I've just begun my grad program and we were introduced to this problem in our Analysis I course: consider two uniformly continuous functions $f$ and $g$, say from $\mathbb R$ to $\mathbb R$, where $f$ is bounded. I've learned that the canonical way to disprove that $fg$ is uniformly continuous is countering the claim with $f(x) = \sin(x)$ and $g(x) = x$.
Upon naïve inspection in Desmos, other uniformly continuous bounded functions that are also periodic will also work for $f$ for the counterexample (like the triangle wave; I don't have sufficient math background to prove or disprove that any function like this will work, though). Here's the catch: can a counterxample be built using a non-periodic, uniformly continuous bounded function for $f$? $g$ doesn't need to be $g(x) = x$.

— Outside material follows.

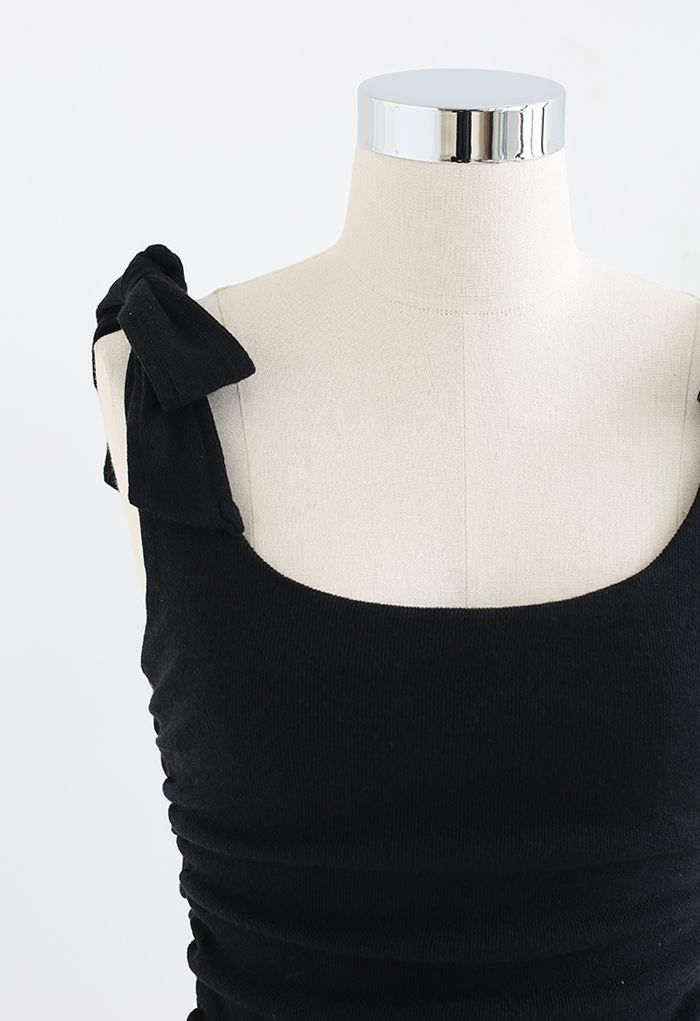 Ruched Side Tie-Bow Crop Cami Top in Black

I thought of a very boring possiblity: from my layman understanding, you could "shrink" the graph of $\sin$ after some value $x_0$ so that it's "periodic after $x_0$". You could still make this non-periodic function be uniformly continuous and bounded and $fg$ wouldn't be uniformly continuous. I say it's boring because it still relies on periodicity as a crucial property for the counterxample. Are there any "non-boring examples" or is periodicity always required in one way or another?
You can take$$f(x)=\begin{cases}x-\lfloor x\rfloor&\text{ if }\lfloor x\rfloor\text{ is a perfect square and }x-\lfloor x\rfloor\leqslant\frac12\\1-x+\lfloor x\rfloor&\text{ if }\lfloor x\rfloor\text{ is a perfect square and }x-\lfloor x\rfloor>\frac12\\0&\text{ otherwise}\end{cases}$$(see its graph below) and $g(x)=x$.